Given information:
::::::
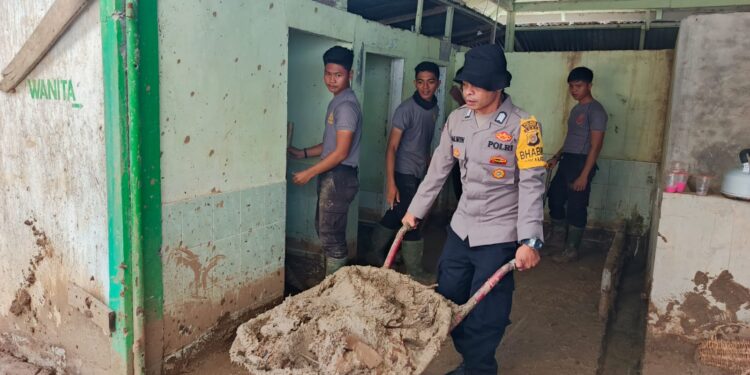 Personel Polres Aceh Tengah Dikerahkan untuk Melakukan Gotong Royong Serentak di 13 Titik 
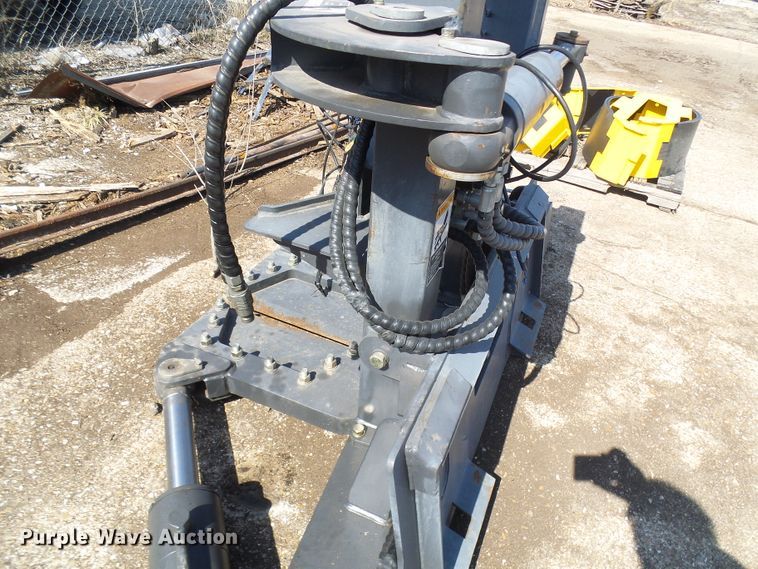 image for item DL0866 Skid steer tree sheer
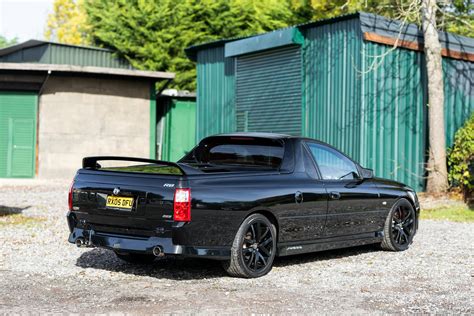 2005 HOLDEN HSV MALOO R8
::::::
Set down word for word the lines beginning with the one containing "image for item DL0866 Skid steer tree sheer" and ending with the last line of the listing, inclusive. Omit every picture.

 image for item DL0866 Skid steer tree sheer
 2005 HOLDEN HSV MALOO R8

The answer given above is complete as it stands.